Estimation of delays between two or more spatially separated sensors is necessary in many applications especially those involving speed or time of flight measurements.
We can equate constant delay between two signals as filtering with an all-pass filter. At the same time any all-pass filter has a rational structure. Therefore, estimating a delay becomes an issue of estimating the linearised all-pass filter.
To allow for time-varying delays we assume the delay is constant within a local region. At the central sample estimate a local all-pass filter and extract the delay. Sliding the window by one sample allows a per sample delay to be estimated using the local all-pass (LAP) filter framework.
For an ensemble of signals with the same delay between each consecutive pair of signals we can estimate a common LAP (CLAP) filter. To allow estimation of both small and large and slowly and quickly varying delays the multiscale CLAP uses an iterative framework starting with large filters estimating the delay, aligning the signals and then repeating with a smaller filter [1].
The multiscale CLAP has been shown to successfully track time-varying delays better than alternative methods based on the coherence of the signals.
Estimation error for a sinusoidal delay.
Code
Delay estimation code can be found here: LAP_DelayEstimation This code contains the several implementations of the LAP framework and a signal generation function which has a number of different delay functions.
References
Time-Varying Delay Estimation Using Common Local All-Pass Filters with Application to Surface Electromyography
C. Gilliam, A. Bingham, T. Blu, and B. Jelfs
In Proc. IEEE International Conference on Acoustics, Speech and Signal Processing, 2018, pp. 841–845.

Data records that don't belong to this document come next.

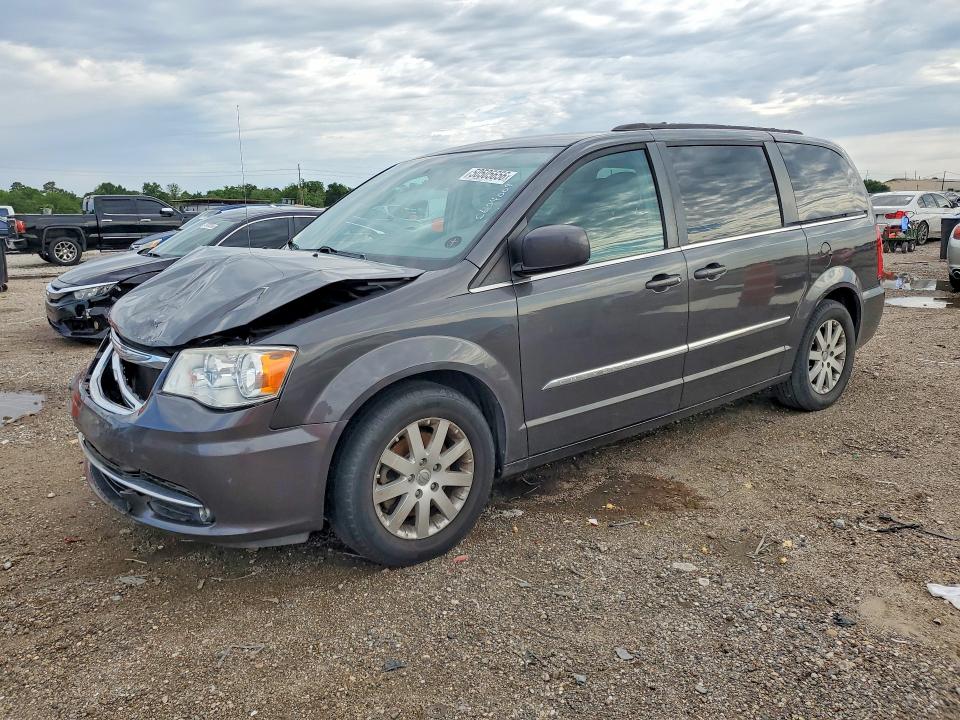 Aukcja sprzedaży 2015 Chrysler Town & Country, vin: 2C4RC1BG8FR715234, numer aukcji: 50505656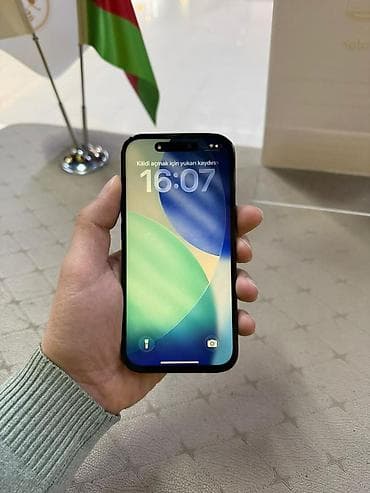 iphone 11 bakida: IPhone 13, Qara, Face ID — 1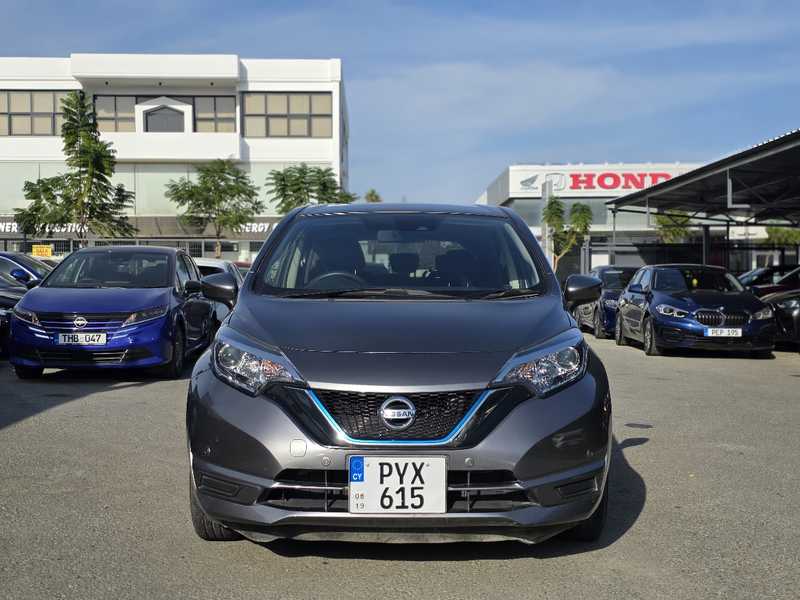 2019 Nissan Note e-Power 1,2L 2019 Cyprus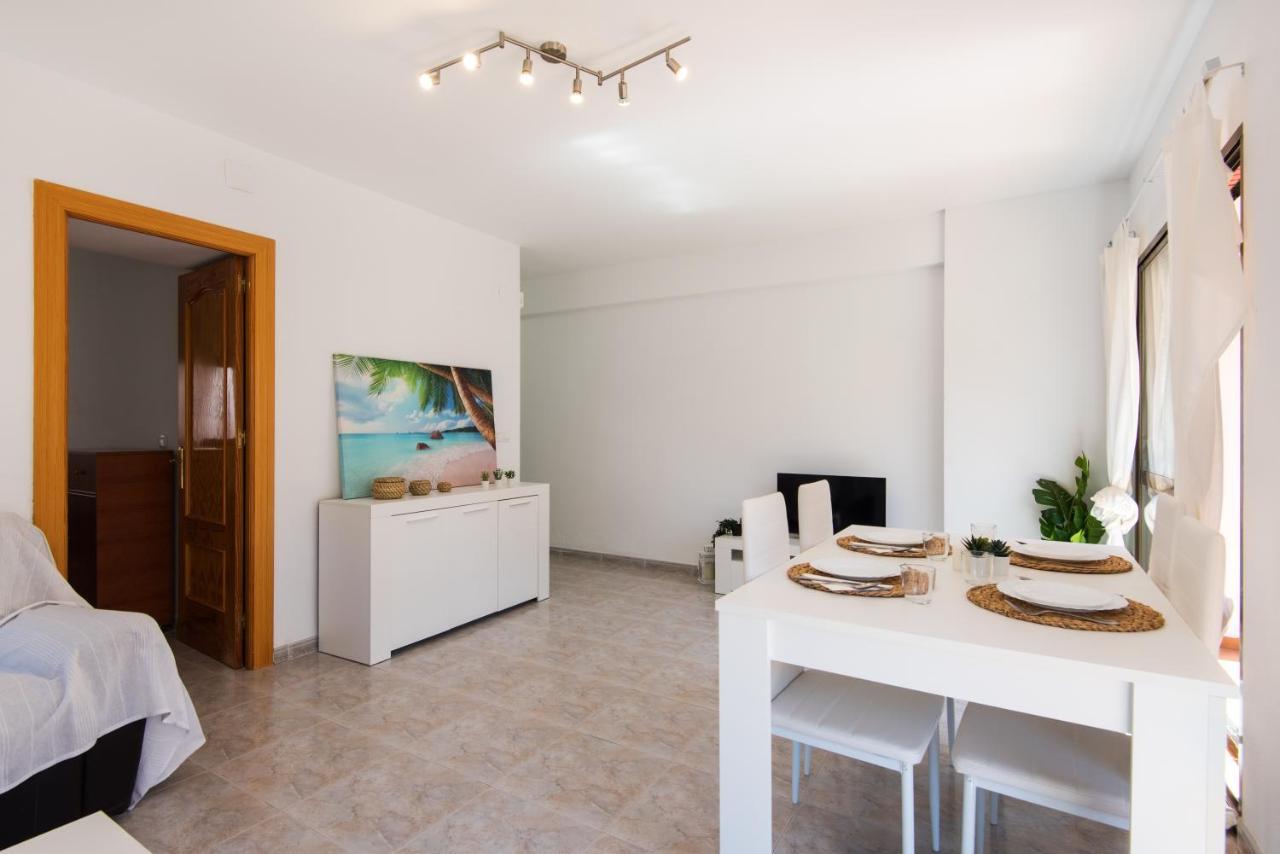 Апартаменты Relax City Center Torremolinos Flat Экстерьер фото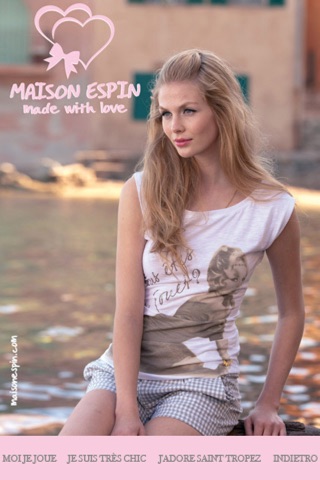 MAISON ESPIN screenshot 3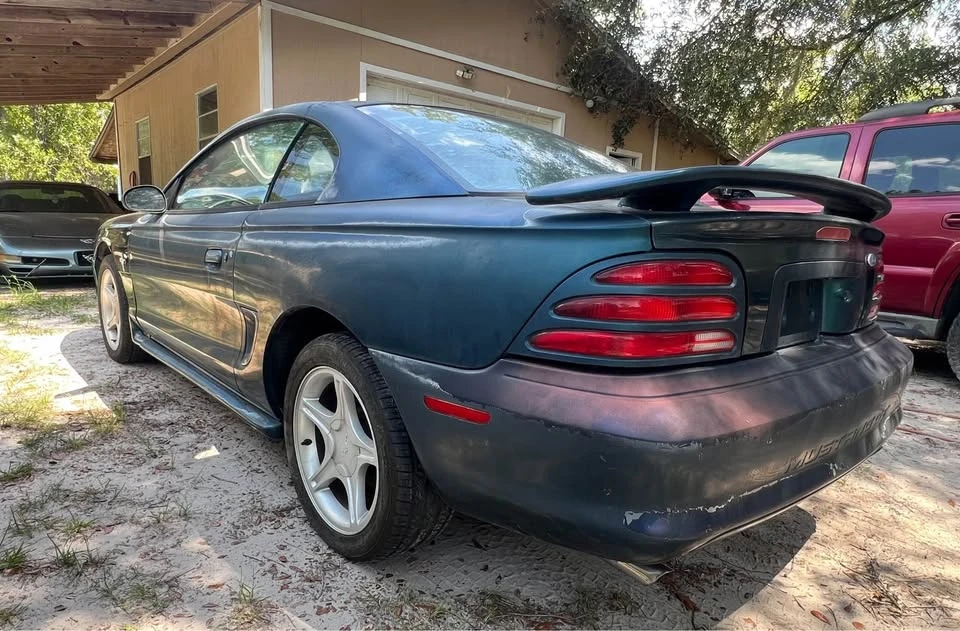 1995 Ford SN95 Mustang - Image 4 of 13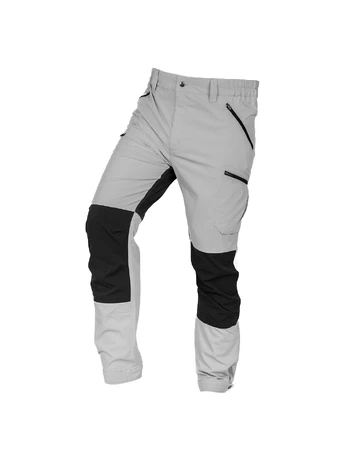 Išpardavimas // Spodnie robocze OUTDOOR, 4 way stretch, gołębie, rozmiar S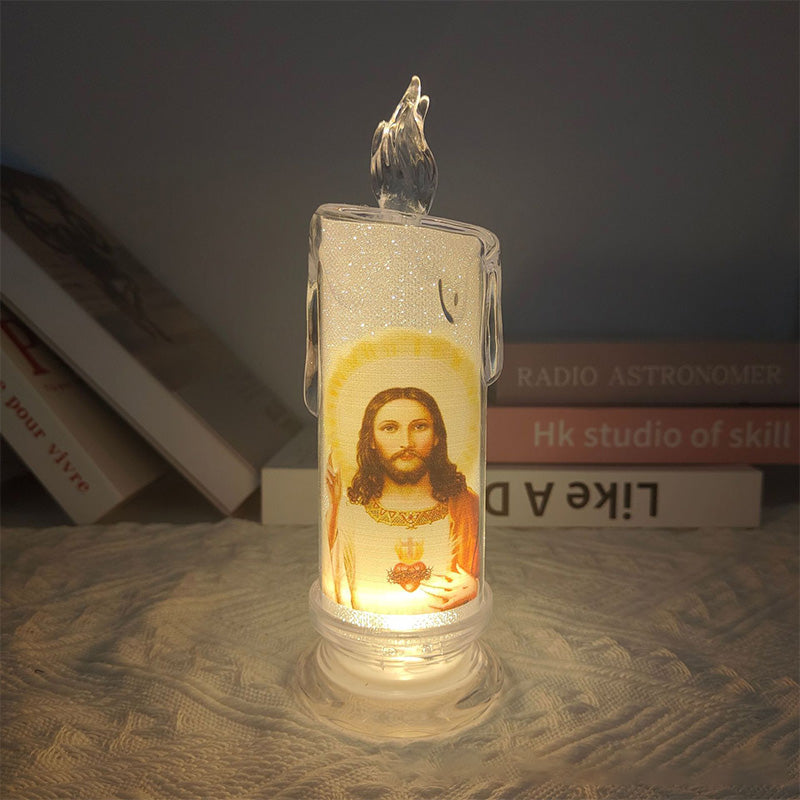 Skanto | LED bønn lys uten flamme
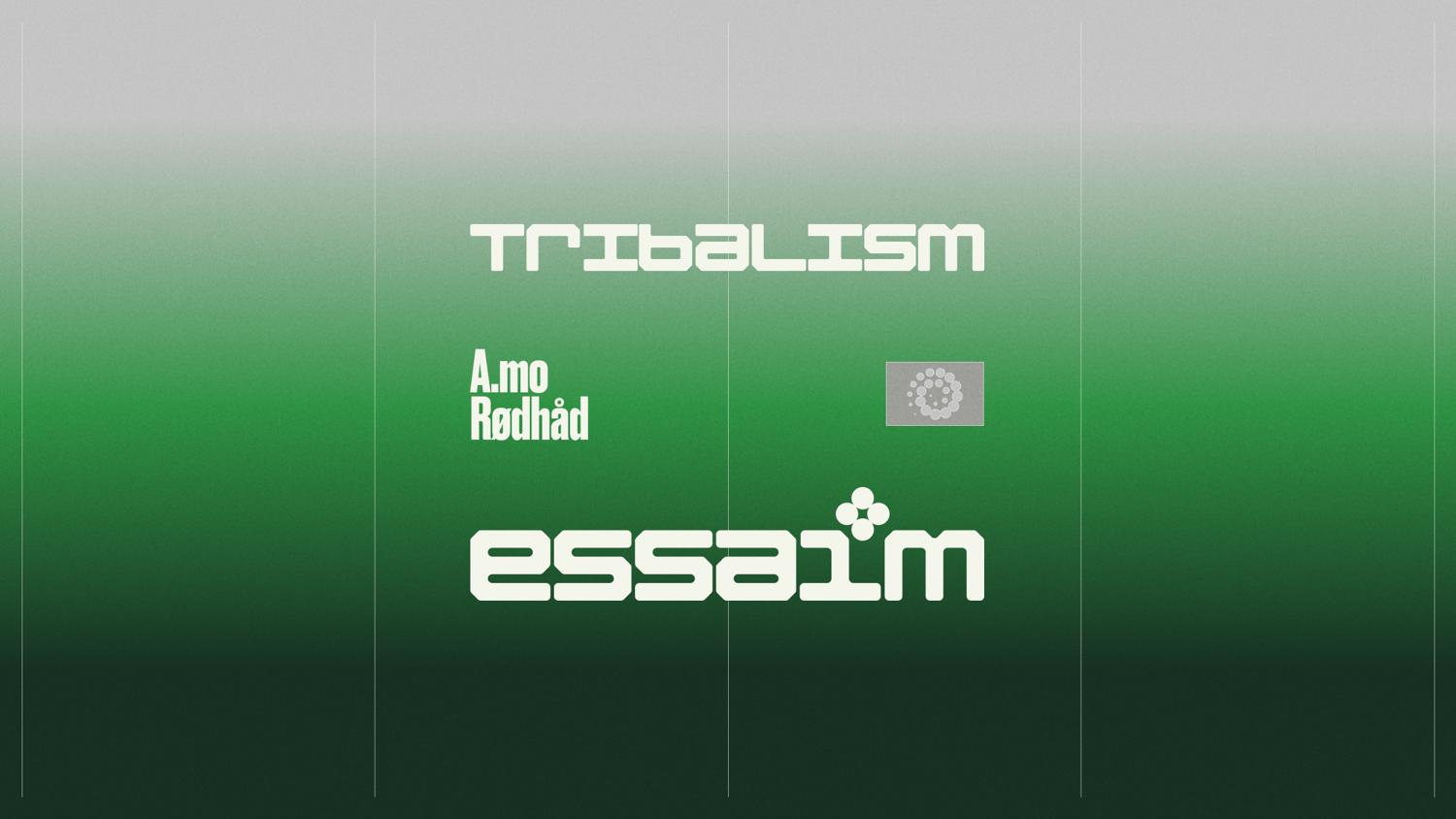 Tribalism - A.Mo, Rødhåd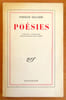 Po&eacute;sies. Edition compl&egrave;te contenant plusieurs po&egrave;mes in&eacute;dits. . Mallarm&eacute; St&eacute;phane: 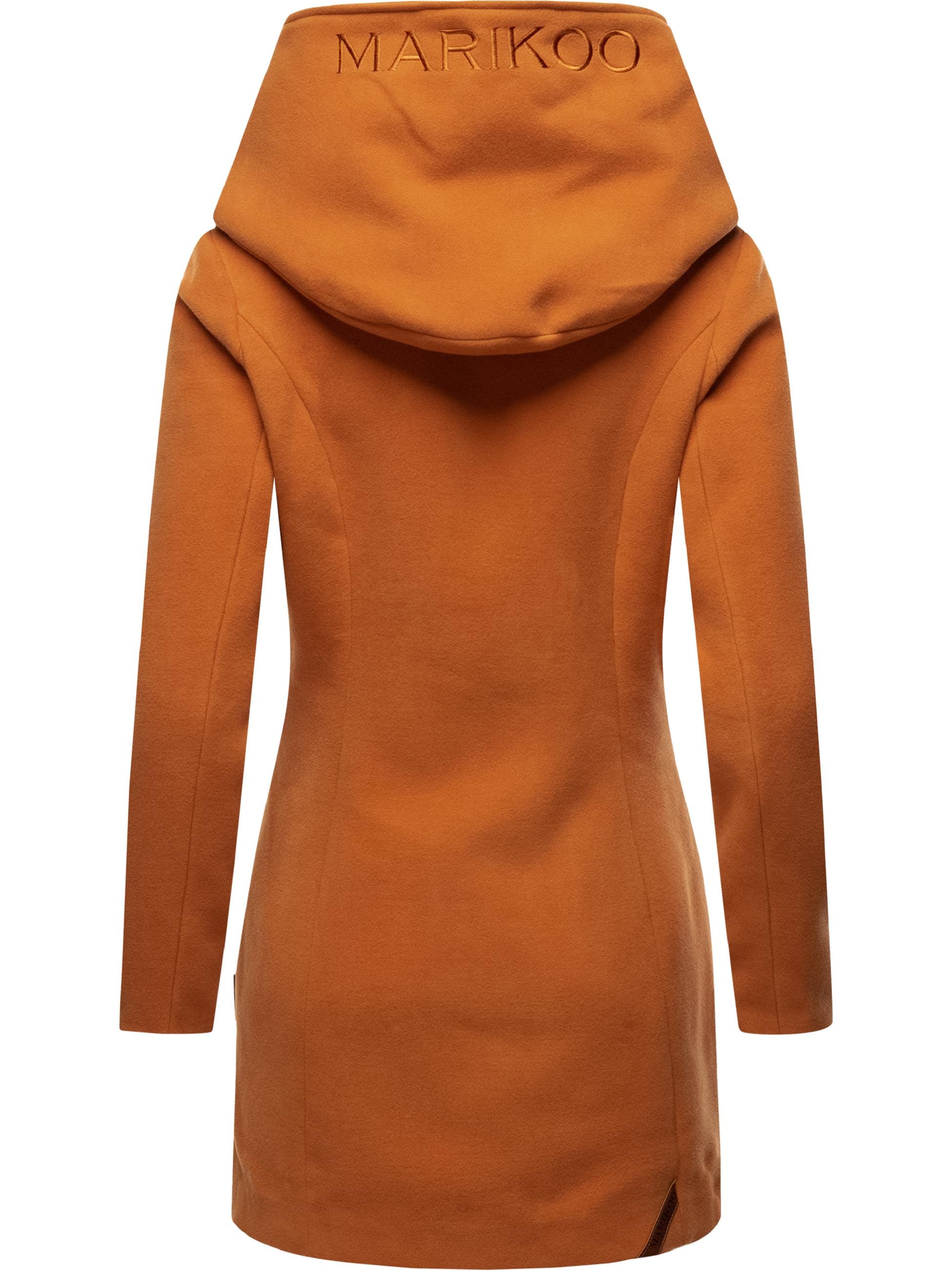 Marikoo Wintermantel »Wintermantel Maikoo«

Estimation of conduction velocity (CV) is an important task in the analysis of surface electromyography (sEMG). The problem can be framed as estimation of a time-varying delay (TVD) between electrode recordings. In this paper we present an algorithm which incorporates information from multiple electrodes into a single TVD estimation. The algorithm uses a common all-pass filter to relate two groups of signals at a local level. We also address a current limitation of CV estimators by providing an automated way of identifying the innervation zone from a set of electrode recordings, thus allowing incorporation of the entire array into the estimation. We validate the algorithm on both synthetic and real sEMG data with results showing the proposed algorithm is both robust and accurate.